> [ACTIVITY]: A verbatim restatement of the data, free of pictures, is what you should output.
RECORDS SHOWN Block Start
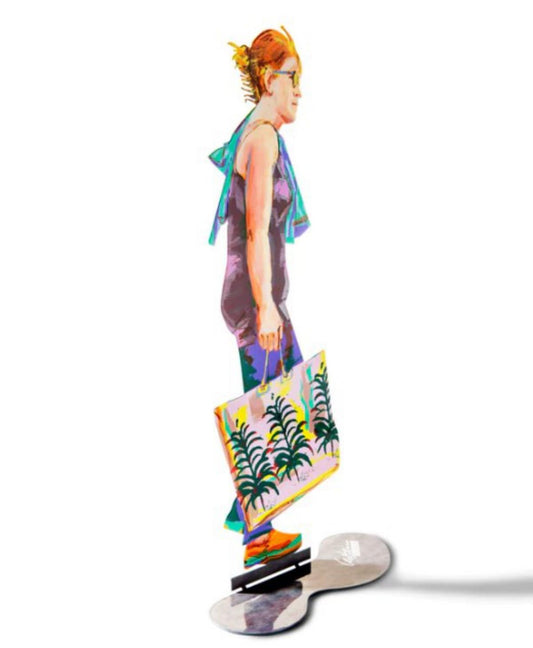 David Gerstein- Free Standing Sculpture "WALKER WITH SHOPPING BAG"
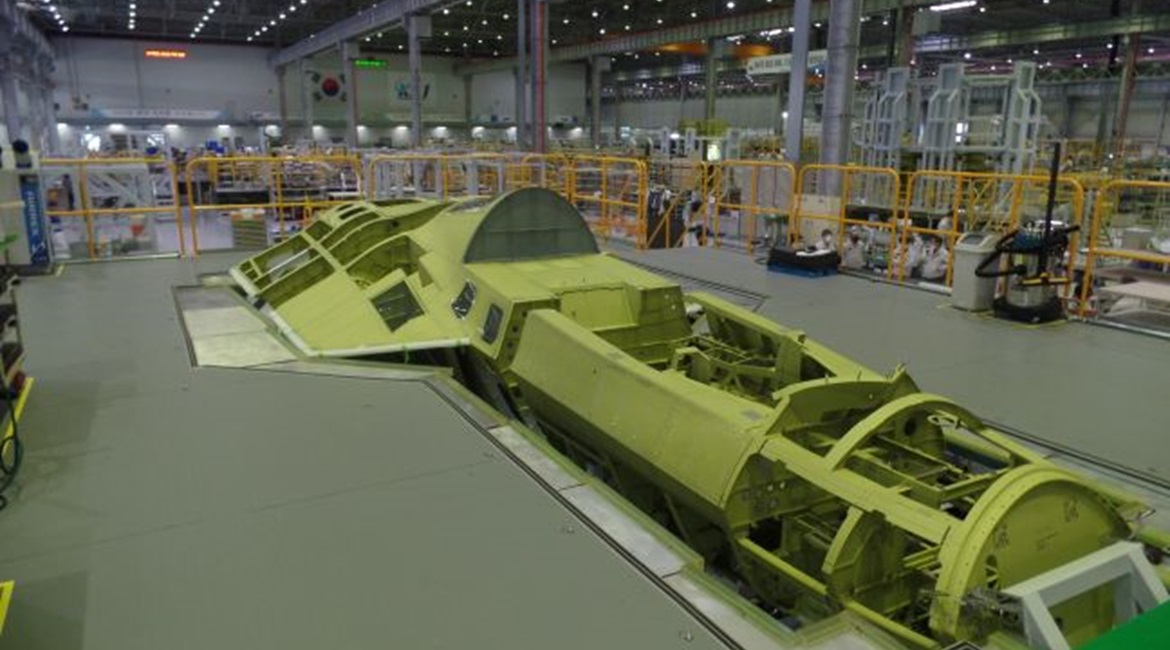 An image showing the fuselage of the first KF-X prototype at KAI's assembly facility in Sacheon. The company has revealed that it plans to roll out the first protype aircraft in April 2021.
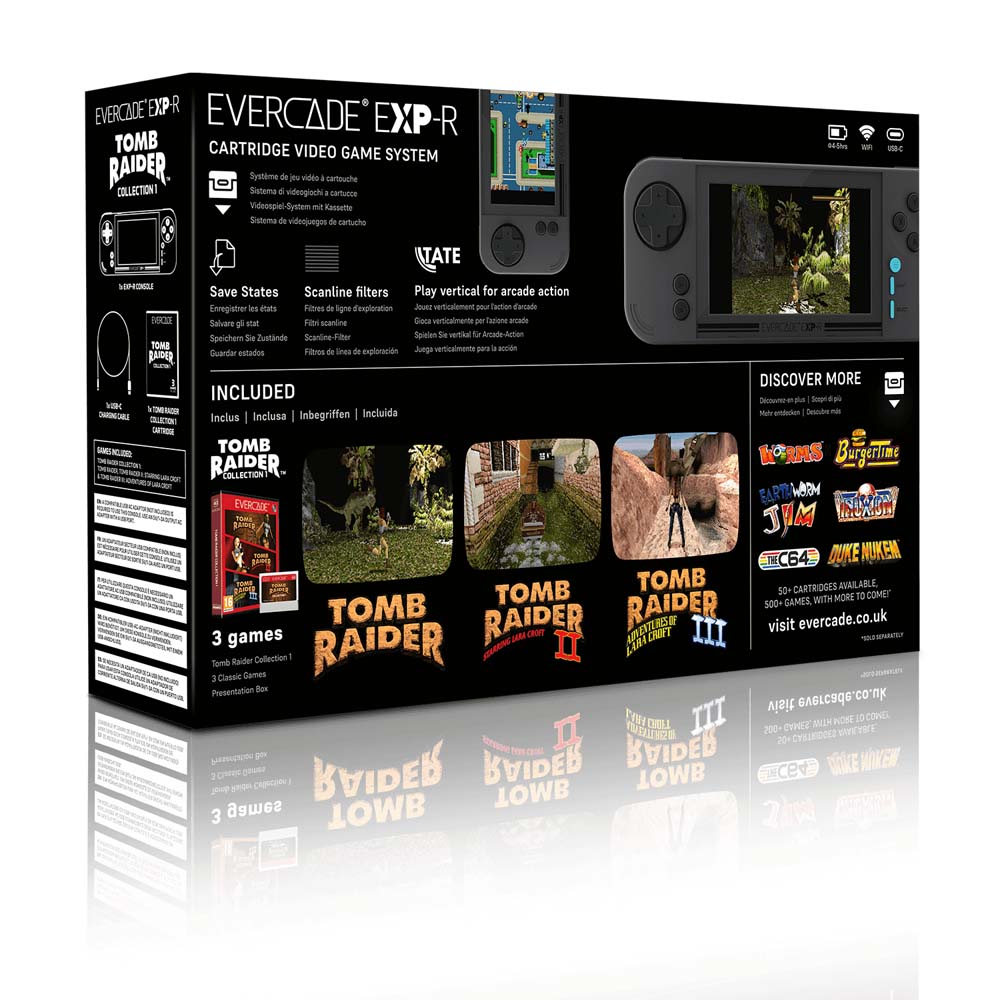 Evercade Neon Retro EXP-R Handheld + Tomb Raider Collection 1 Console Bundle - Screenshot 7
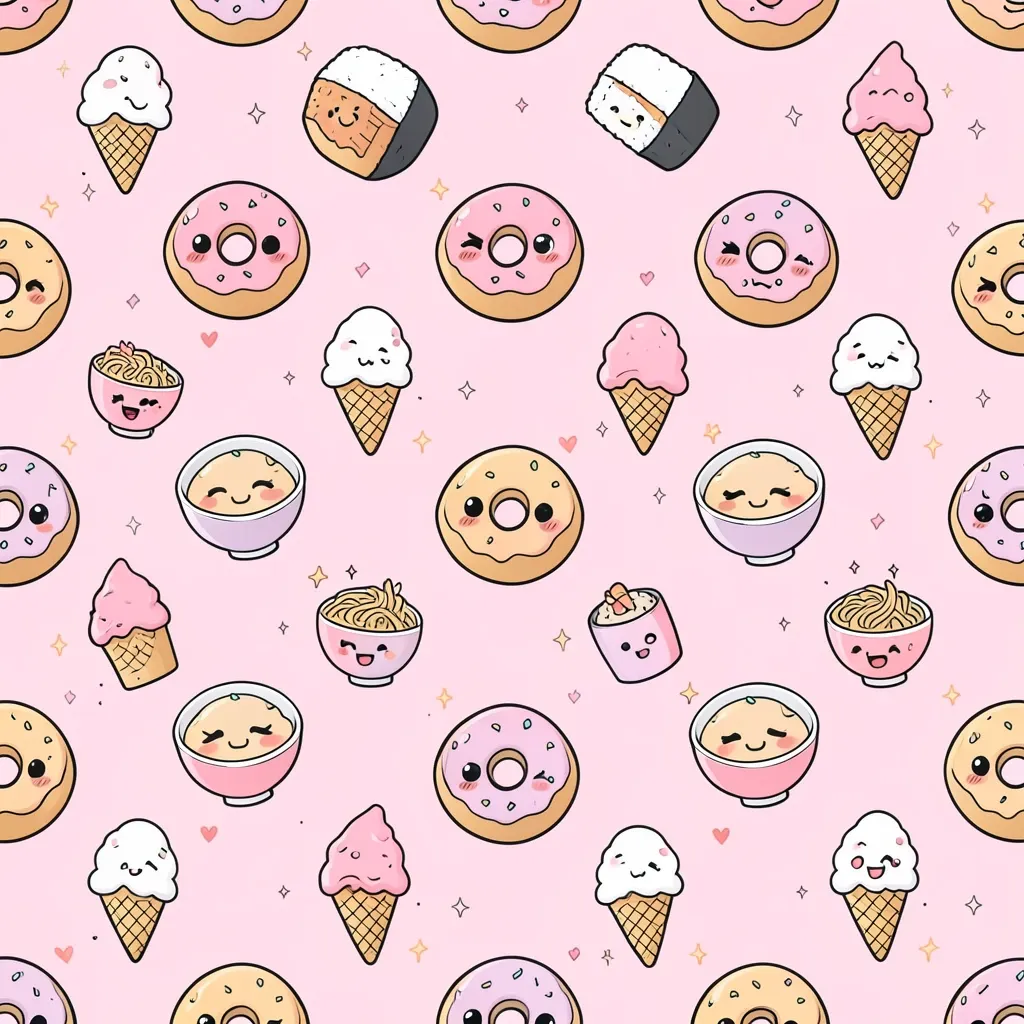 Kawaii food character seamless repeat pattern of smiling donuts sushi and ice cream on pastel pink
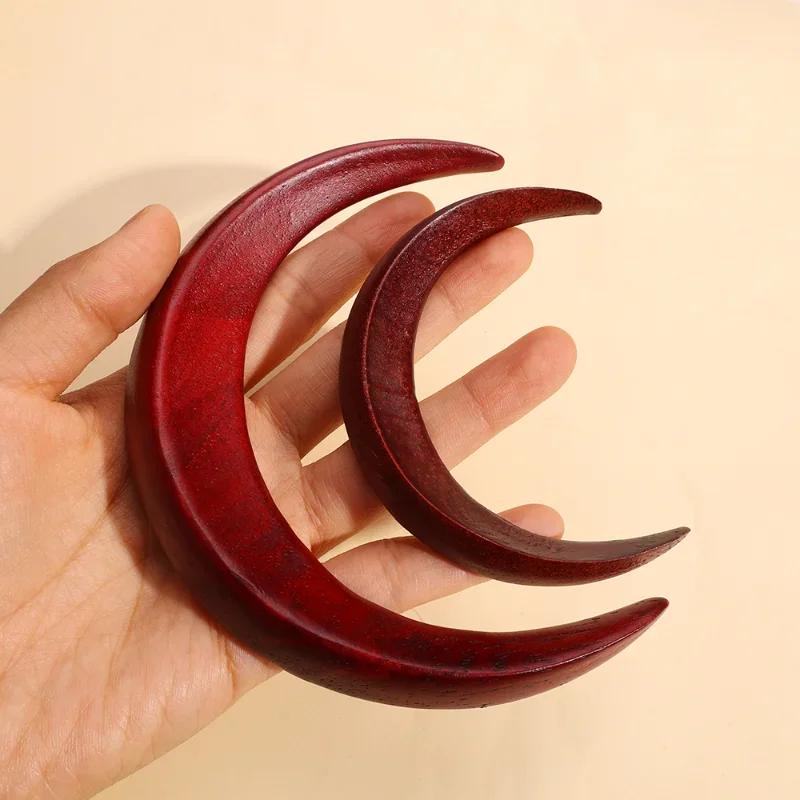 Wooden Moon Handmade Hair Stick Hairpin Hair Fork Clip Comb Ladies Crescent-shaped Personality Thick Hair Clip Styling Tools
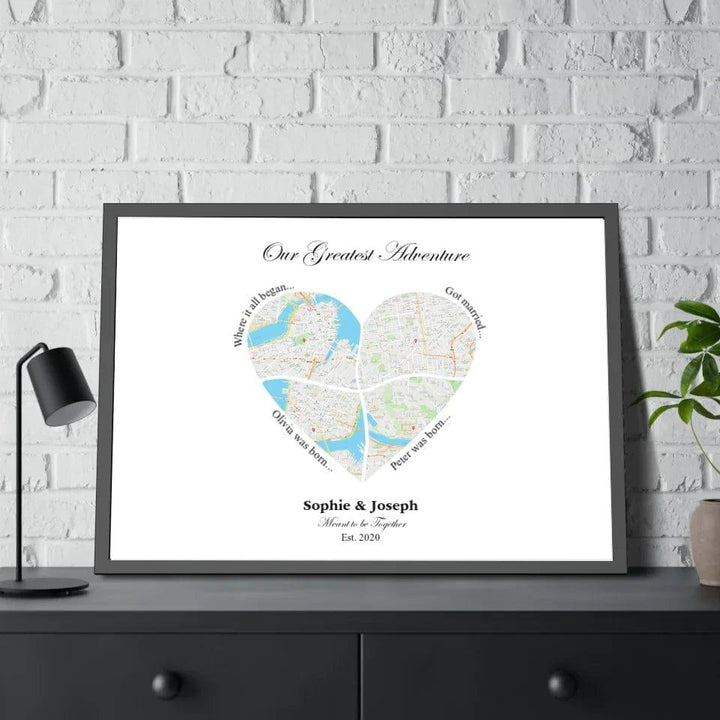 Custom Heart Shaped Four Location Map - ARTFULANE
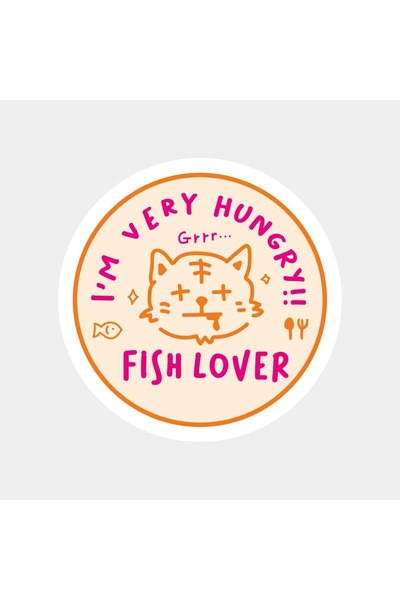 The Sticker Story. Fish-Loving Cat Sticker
RECORDS SHOWN Block End
> [SOLUTION]:
 David Gerstein- Free Standing Sculpture "WALKER WITH SHOPPING BAG"
 An image showing the fuselage of the first KF-X prototype at KAI's assembly facility in Sacheon. The company has revealed that it plans to roll out the first protype aircraft in April 2021.
 Evercade Neon Retro EXP-R Handheld + Tomb Raider Collection 1 Console Bundle - Screenshot 7
 Kawaii food character seamless repeat pattern of smiling donuts sushi and ice cream on pastel pink
 Wooden Moon Handmade Hair Stick Hairpin Hair Fork Clip Comb Ladies Crescent-shaped Personality Thick Hair Clip Styling Tools
 Custom Heart Shaped Four Location Map - ARTFULANE
 The Sticker Story. Fish-Loving Cat Sticker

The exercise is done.